Darkover 04 - Der Untergang von Neskaya
Konzentrationshilfe.
Der Auslöser befand sich in der ersten Ebene, in der hellsten Blautönung. Wie in den vielen Stunden, in denen er an den Schirmen gearbeitet hatte, hundertfach geübt, ließ Coryn seinen Blick unscharf werden und dann verschwimmen. Er stellte sich vor, er treibe einen Fluss hinab. An einigen Stellen funkelte das Sonnenlicht auf der Wasseroberfläche, andere lagen im Schatten verborgen.
Licht… sammle das Licht…
Seine Hände bewegten sich über das Tablett mit den Werkzeugen, seine Fingerkuppen glitten tastend über die verschiedenen Formen.
WAS MACHST DU DA? Die Worte wurden in seinem Kopf von einer Stimme geflüstert, die eigentlich seine war, zugleich aber auch nicht.
Was ich hier mache?, fragte er sich einen Augenblick lang verdutzt. Sein Blick klarte so weit auf, dass er das Werkzeug erkennen konnte, das er über den glitzernden Schirm hielt.
Ich entschärfe… Ich entschärfe… den Auslöser…
VON WELCHER WAFFE? Die Stäubchen aus Sonnenlicht blitzten heiß und weiß auf, blendeten ihn. Er riss eine Hand hoch, um die Augen abzuschirmen. Die Bewegung löste gleißende Kaskaden in alle Richtungen aus. Sie umkreisten ihn, so dass er im Zentrum eines leuchtenden Rings stand. Der Ring summte vor eigener Energie, ein Summen, das in seinem Körper nachhallte.

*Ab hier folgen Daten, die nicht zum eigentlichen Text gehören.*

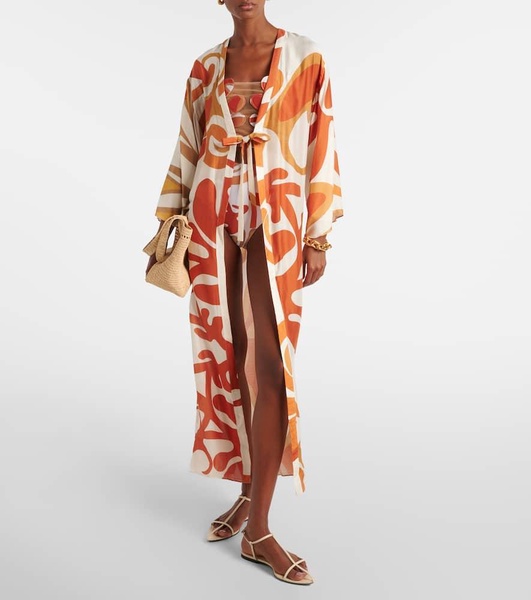 Algae printed beach cover-up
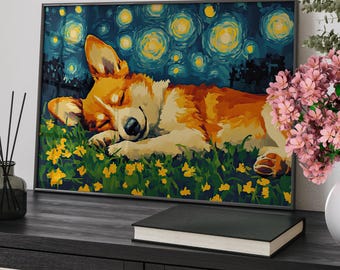 Sleeping Corgi Dog Van Gogh Inspired Painting Poster or Canvas Print, Corgi Portrait Starry Night Sky Abstract Nature Print, Kids Room Decor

Undeutlich spürte er das Krachen und Klirren von Stahl. Funken flogen, als Schilde sich einem Schwarm psychischer Pfeile entgegenreckten. Coryns Körper spannte sich an und entspannte sich wieder, als der tödliche Hagel abgewehrt war.
Vor seinen blicklosen Augen nahmen seine Hände ein anderes Werkzeug auf. Er umrundete die Schirme, bewegte sich durch ihre Funken versprühenden Farben wie ein Fisch in dem Fluss, den er sich vorgestellt hatte.
Dunkelblau… dunkel und noch dunkler… das war es, was er suchte. Ja, da war sie! Die dritte Ebene, so eingestellt, dass sie von außen hereinkommende Laran-Energie umleitete. Das Werkzeug unterbrach die Energonen-Verbindungen. Ein Strang nach dem anderen wurde durchtrennt und fiel herab.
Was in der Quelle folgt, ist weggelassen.